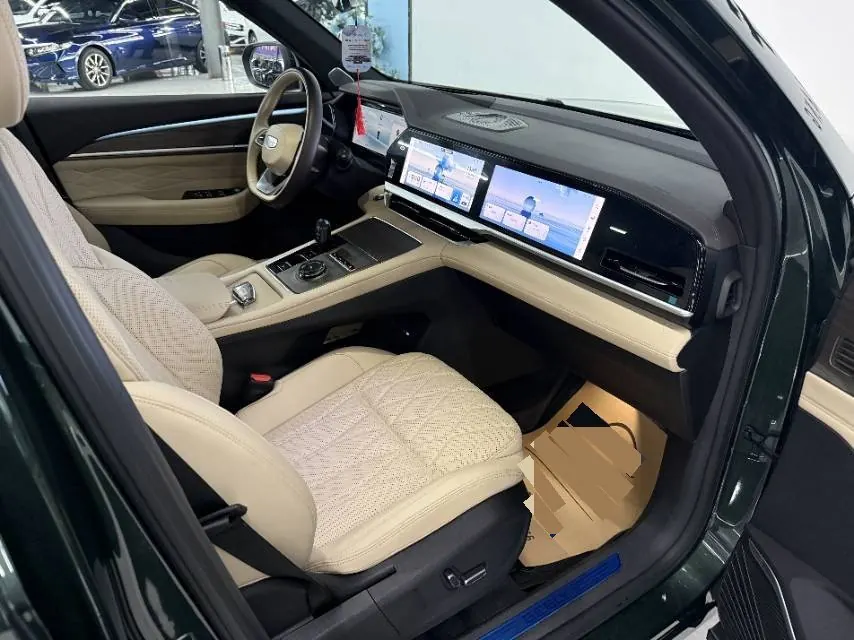 Geely 2025 XingyueL (Monjaro) 2.0TD Oriental Obsidian 4WD full-moon version automatic gear 6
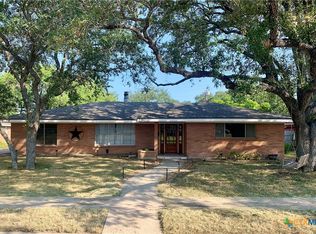 2202 E Loma Vista Ave, Victoria, TX 77901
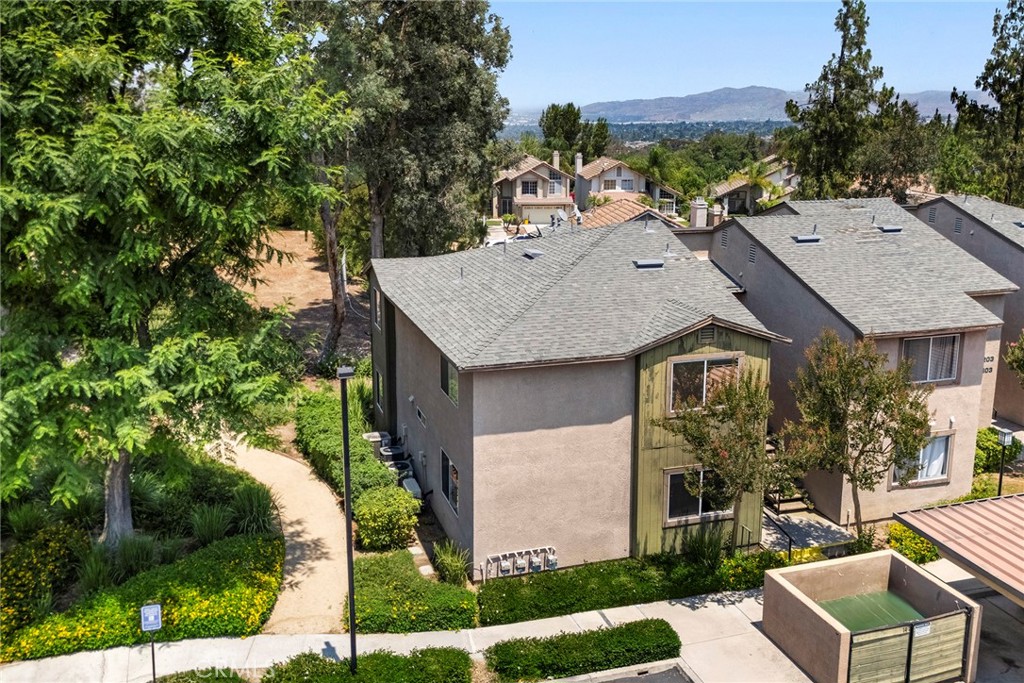 2548 Avenida Del Vista 101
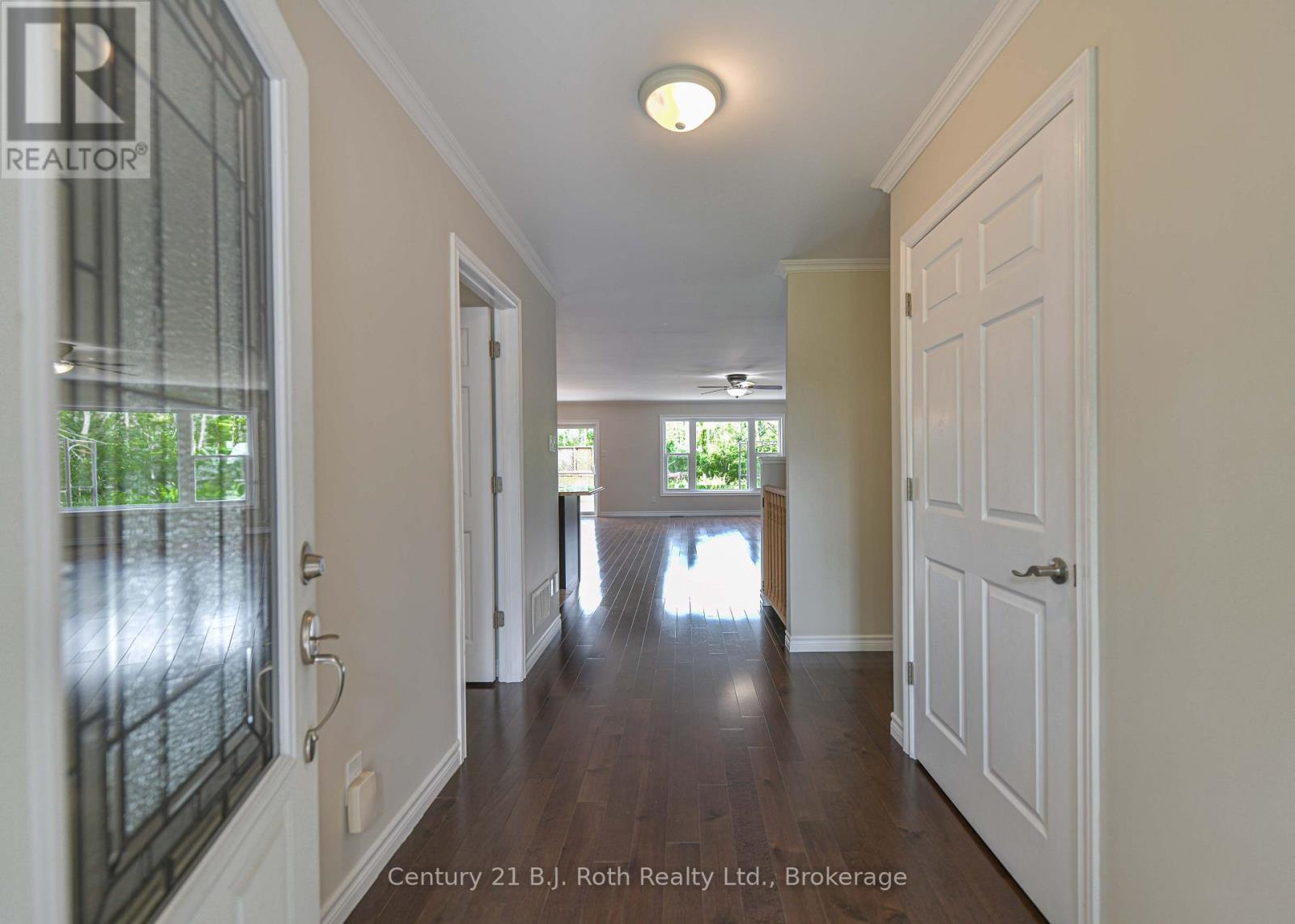 65 Courtland Street Property Photo 8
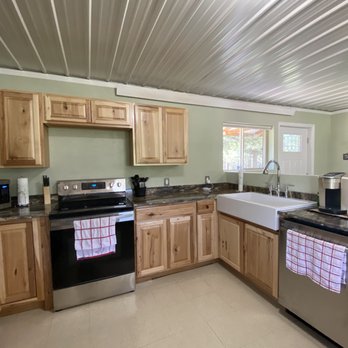 Black Hills Horse & Hound Camp - Amazing luxury kitchen area! - Horseback Riding Near Me - Custer, South Dakota Black Hills Horse & Hound Camp - Amazing luxury kitchen area! - Horseback Riding Near Me - Custer, South Dakota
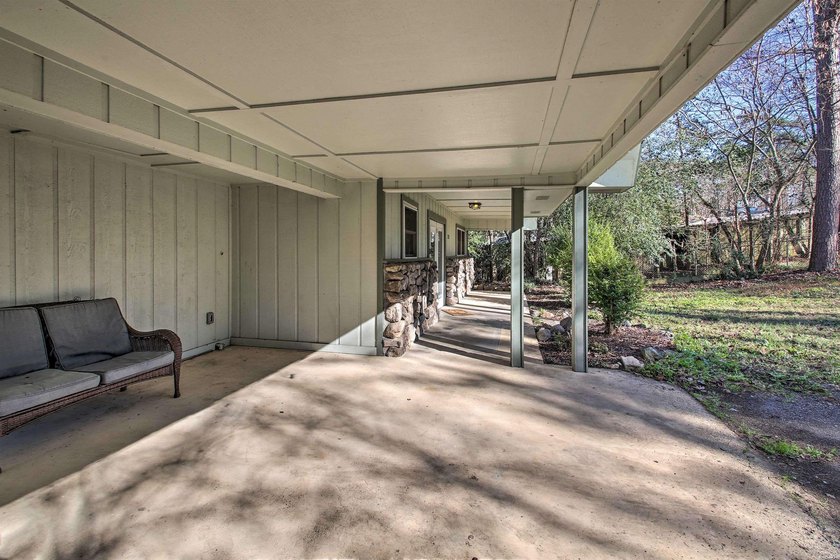 An exceptional opportunity on prestigious Lookout Point off Hwy - photo 11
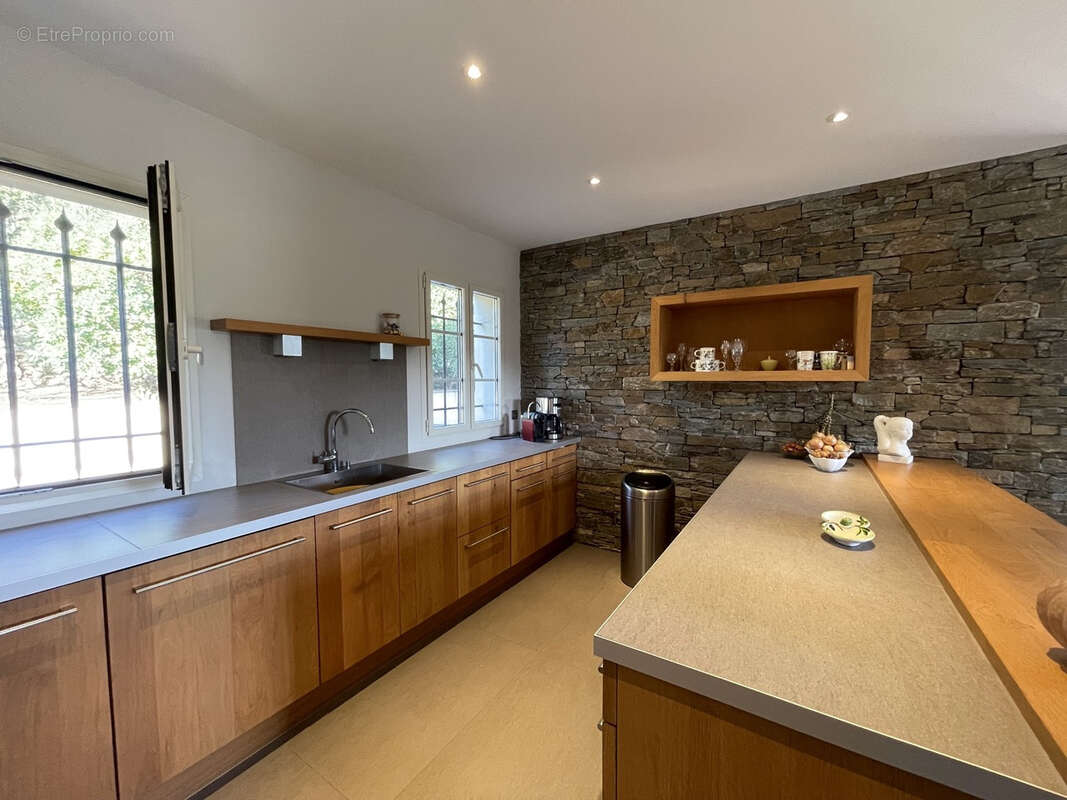 Maison à PLAN-DE-LA-TOUR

--- --- ---

About this exercise: Pictures are not part of the copy. Reproduce the lines from the one with "2202 E Loma Vista Ave, Victoria, TX 77901" through the end of the listing above.

Response for this exercise:
 2202 E Loma Vista Ave, Victoria, TX 77901
 2548 Avenida Del Vista 101
 65 Courtland Street Property Photo 8
 Black Hills Horse & Hound Camp - Amazing luxury kitchen area! - Horseback Riding Near Me - Custer, South Dakota Black Hills Horse & Hound Camp - Amazing luxury kitchen area! - Horseback Riding Near Me - Custer, South Dakota
 An exceptional opportunity on prestigious Lookout Point off Hwy - photo 11
 Maison à PLAN-DE-LA-TOUR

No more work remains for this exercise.